The Galaxy Note 7’s feature set really impressed me. I pre-ordered as soon as I was able to and immediately fell for Samsung’s ability to entrance me with their AMOLED displays. Despite there being a Snapdragon 820 under the hood, it just felt like it was not running like a true flagship. In hindsight, it could have been related to the battery, or heat from charging. The battery mayhem surrounding the device did not impact me because I returned it before all that stuff starting making news.
When the Galaxy S8 came along, I gave that a whirl also, and the terrible fingerprint sensor placement was just too big an inconvenience for me to enjoy what is otherwise an outstanding piece of hardware with a well-executed Samsung Experience skin sending TouchWiz out to a long-overdue pasture. Still, I was a little worried that the next generation Note would follow in the S-series footsteps when it comes to that critical feature. From the looks of the news lately, it appears those concerns are well-founded.
When word got out about the rebuilt “Fan Edition” Note, I was interested because on the surface, it appeared that Samsung fixed what was wrong – the battery (obviously), the CPU (small bump), and software (Android 7 and Samsung Experience).
So, being the gadget geek that I am, and with little regard for the concept known as impulse control, I went online and ordered a Galaxy Note Fan Edition from a seller in Korea.
What’s in the box
There is nothing new to the packaging, other than a big heart on the box. Clearly aimed at showing appreciation to the purists that just wanted a current-era Note device, the rest of the packaging is familiar Samsung. With the phone, earbuds, charger, USB-C cable, OTG adapter, micro-USB adapter, and extra stylus tips.
About the Note FE and Impressions
We gave an overview of differences between the Note 7 and the Note FE. The battery is smaller (safer), and so far, charging has been wholly uneventful. The device even remains cool to the touch. The discrepancy in what we earlier learned about the Note FE is the silicon inside. Rather than a Snapdragon 821, the Note FE (or at least the one I got, which is KT branded) instead ships with the octa-core Exynos 8890.
Performance-wise, the Note FE does not feel like a throwback from last year, even though its spec sheet suggests it is. The camera fits Samsung’s typical modus-operandi, that is to say, excellent.
The new Samsung Experience UI is right at home on the 5.7-inch AMOLED display. The settings default the display to operate at 1080p resolution, and you can adjust it to 2K or 720p if you like. The UI action is smooth, though it is obviously nowhere near as fast as what we have seen from this year’s power players.
Think you want one too?

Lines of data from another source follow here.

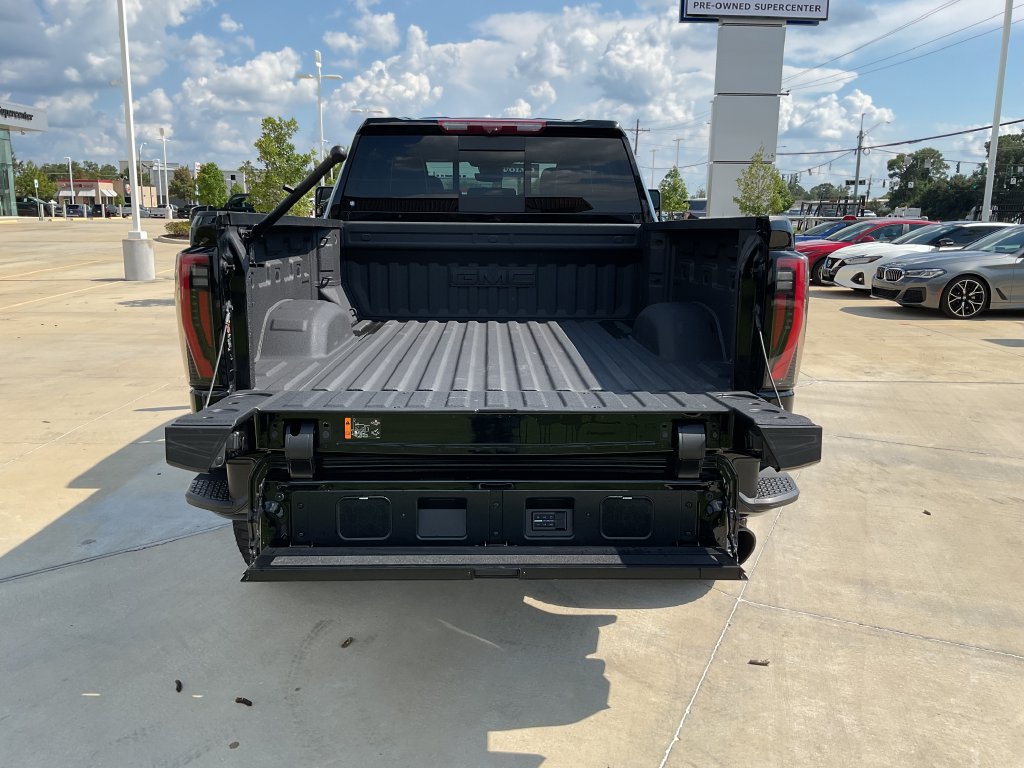 Used 2025 GMC Sierra 2500 AT4X AWD/4WD image 9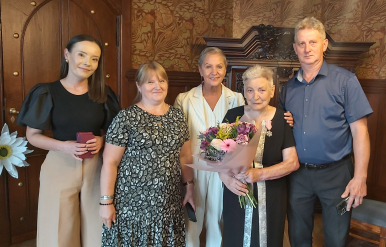 Kierownik USC, Bliscy Jubilatki, Pani Prezydent oraz Jubilatka, w tle gabinet prezydencki, szafa, krzesła; Jubilatka trzyma bukiet, a Kierownik USC Medale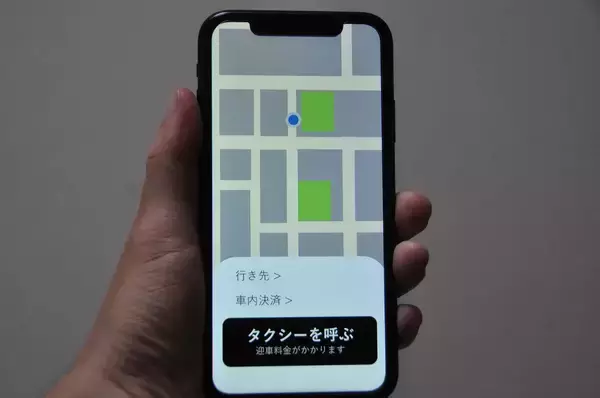 「いま流しのタクシーを捕まえるのは至難の業！　運転手不足と需要増加でアプリが必須の時代になった」の画像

Bring money
If you have a gadget hunger that is insatiable, there are dozens of reputable sellers on eBay who have stormed the retailers in Korea and bought a bunch of Galaxy Note FE devices in order to feed the addiction. The prices are high, ranging between $795 and $925. You will want to double-check the specifications regarding cellular connectivity in your area, just in case.
Most of the Note FEs for sale have free express shipping from Korea, and there no import duties on shipments to the United States. I pre-ordered mine a couple days before they went on sale. The seller shipped it on Monday, and it arrived at my doorstep on Thursday.
The Samsung Galaxy Note Fan Edition is certainly not the hot hit for the summer of 2017, but it is certainly worthy of some notoriety, until we are drawn to the new gear yet-to-come from LG, Google, and Samsung. Yep, I’ll probably get a Note 8 when it comes out too.